Crystal: Add a method to String that returns the first character

Created on 29 May 2019 · 5Comments · Source: crystal-lang/crystal

I think a method should be added to String that returns the first character and should be a faster alternative to [0]. The strategy is to start an iteration through the string but stop at the first character.
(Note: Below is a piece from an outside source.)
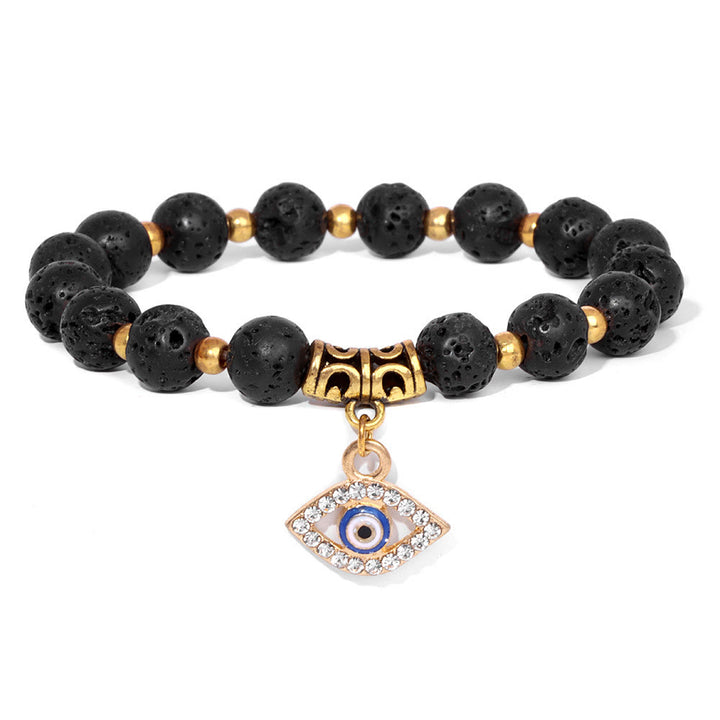 Bracelet pendentif mauvais œil en perles de pierre naturelle Olivenorma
That's faster than [0]. Reason for this is for example the each_byte on ASCII-only optimization in String#each_char.

require "benchmark"

Benchmark.ips do |bm|
  bm.report "each_char" do
    "hello".each_char do |char|
      break char
    end
  end

  bm.report "[0]" do
    "hello"[0]
  end
end

each_char 394.43M (  2.54ns) (± 5.82%)  0.0B/op        fastest
      [0] 196.71M (  5.08ns) (± 5.03%)  0.0B/op   2.01× slower

The first is also faster for non-ASCII characters.
This optimization is for example already used here: string.cr:4069.
The method could perhaps be called first or first_char.

Source

r00ster91

👎2

Most helpful comment

Try with a string that's not hardcoded (for example reading from ARGV). The difference is miniscule:

require "benchmark"

str = ARGV[0]

Benchmark.ips do |bm|
  bm.report "each_char" do
    str.each_char do |char|
      break char
    end
  end
  bm.report "[0]" do
    str[0]
  end
end

each_char 292.54M (  3.42ns) (± 3.93%)  0.0B/op        fastest
      [0] 273.98M (  3.65ns) (± 6.93%)  0.0B/op   1.07× slower

And if you change the order you get that the second one is fastest.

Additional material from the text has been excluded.